You might have heard about the leverage and the enormous profit potential that you could achieve when buying options. But you also might have heard about traders who lost a lot of money with this trading strategy.
Should YOU be buying options?
In this article you will learn what you need to know before buying options, and important tips & tricks that will help you select the best options to buy.
Like most financial decisions in life, there are both advantages and disadvantages when it comes to buying options.
Buying Options: Advantages
- Risk is Fixed = As an option buyer, the risk that you have on the trade is limited to the amount that you pay for the option. It doesn’t matter if you pay $50 for an option or $1000 for an option, the most that you can potentially lose is the price that you pay. Because risk is fixed, there are no surprises and the risk & potential reward of a trade can be determined BEFORE a trade is actually placed.
- Unlimited Reward = Option buyers pay for the right to BUY or SELL a stock at a specific price. Since there’s no limit to how much a stock can move higher, the potential reward on a purchased call option is theoretically unlimited.
- Leverage = Options are derivatives based on the price of an underlying stock. Options give traders the ability to control relatively large positions with a small amount of money. It’s not uncommon for option buyers to control 100 shares of stock worth $5,000 or more for as little as $100.
Buying Options: Disadvantages
- Expirations = One of the biggest drawbacks to buying options is an option’s expiration. As an option buyer, expirations work against you. This is because options will lose some value as they approach expiration, and many options expire worthless.

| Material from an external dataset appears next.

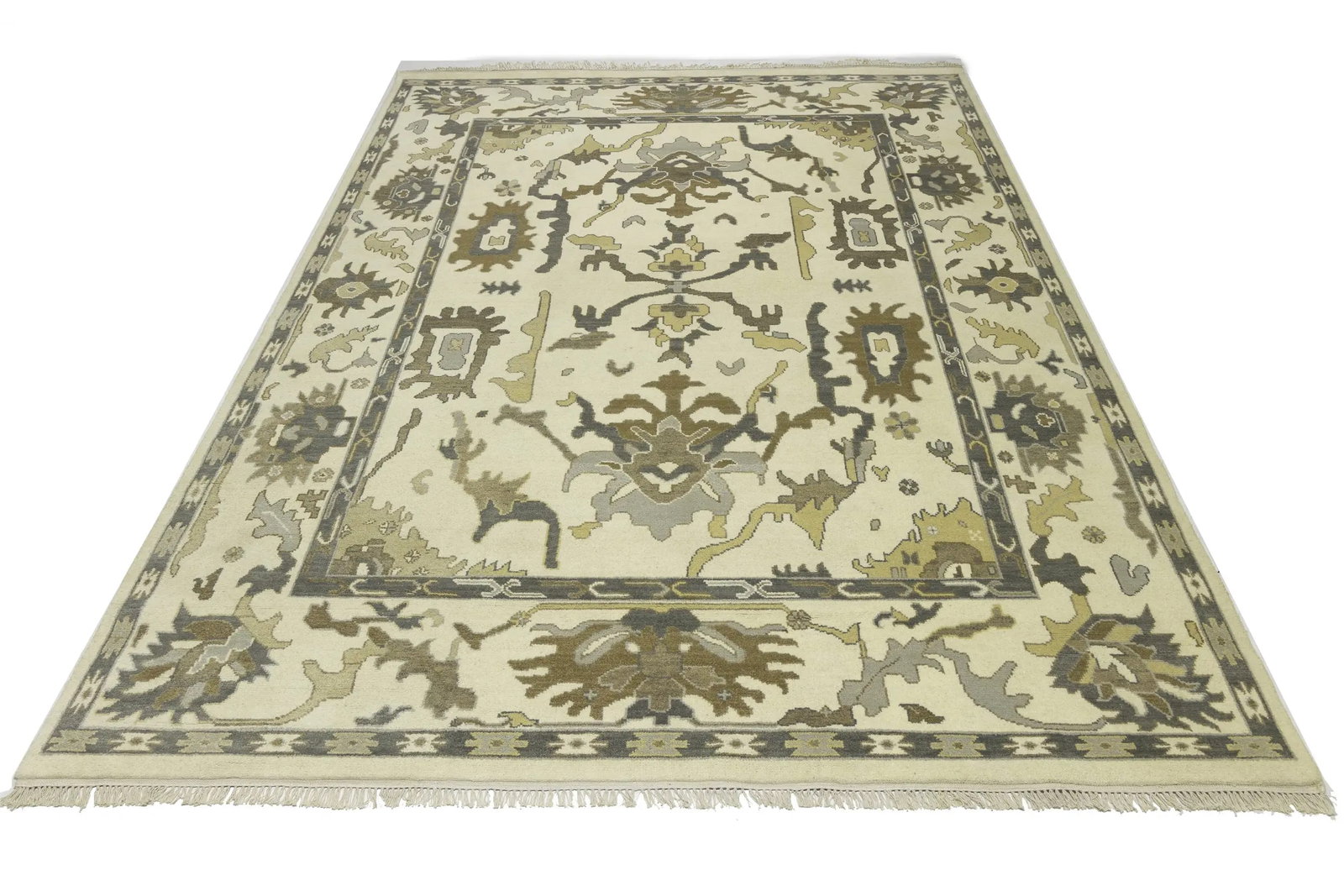 Muted Colors Transitional Floral 9X12 Oushak Chobi Oriental Rug - 2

- Leverage = Leverage is both an advantage AND disadvantage. Profits are magnified when you can control large positions with a small amount of capital, but loses are magnified as well.
After considering the advantages and disadvantages of buying options, there are a few things you should know before buying your first option.
Real Value vs. Time Value
An option’s price is going to be based on real value (known as intrinsic value) and time value (known as extrinsic value). Real value is the value of an option if the option were to be exercised now. As an example, if you buy a call option with a strike price of $50, the option will have real value any time the stock price is greater than $50. This is because a call owner has the RIGHT to buy stock at the strike price. If the stock is greater than this price, there is real value priced into the option.
Time value is the difference between an option’s price and the real value of an option. If an option is priced at $1.50 with only .50 cents of real value, there is $1.00 of time value priced into the option. Time value is the premium paid above an option’s real value. Time value can increase or decrease depending on the time left to expiration and a stock’s volatility.
Options are classified as “in the money”, “at the money” or “out of the money” depending on the intrinsic value of an option.
- In The Money (ITM) = Any option with intrinsic value (real value)
- At The Money (ATM) = An option with a strike price that is closest to the current stock price
- Out The Money (OTM) = An option that only has extrinsic value (time value)
ITM options are always going to be more conservative, but also more expensive since they will always have some real value priced into the option. OTM options will always be cheaper but more aggressive since the entire price of the option is based on time value.
The concept of time decay is important for option buyers. It’s said that time decay is an option seller’s friend, and an option buyer’s enemy. This is because time value erodes as an option approaches expiration. The time value priced into options will decay greatest in the last 30 before expiration.
Many new option traders get frustrated when an option starts to lose time value because of time decay. This is because they don’t understand the idea of time decay and how an option behaves in the final days before expiration.
Tips & Tricks – How To Avoid Newbie Traps
New traders are often drawn to cheap options because of the profit potential. Although there will be big moves and “home run trades” from time to time, cheap options are cheap for a reason. This is because lower priced options are OTM options with a lower probability of success, and/or options with fast approaching expirations that will likely suffer from time decay.
To avoid the common pitfalls of a new options trader, consider the following when buying options:
- Buy options that have AT LEAST 30 days until expiration.
- Stick to ATM or ITM options, unless your goal is to risk money on low probability “home run” trades.
- Know exactly how much you are paying for TIME.
- Have a strategy for determining the direction of the market (like the Power Crossover Method)
- Determine the risk and reward of a trade before you buy an option.
With fixed risk and unlimited reward trades, buying options is an excellent alternative to simply buying stock. But not all options are the same. Understanding real value and putting these 3 tips to use will help you avoid some of the typical rookie option buying mistakes, and maximize your investment potential.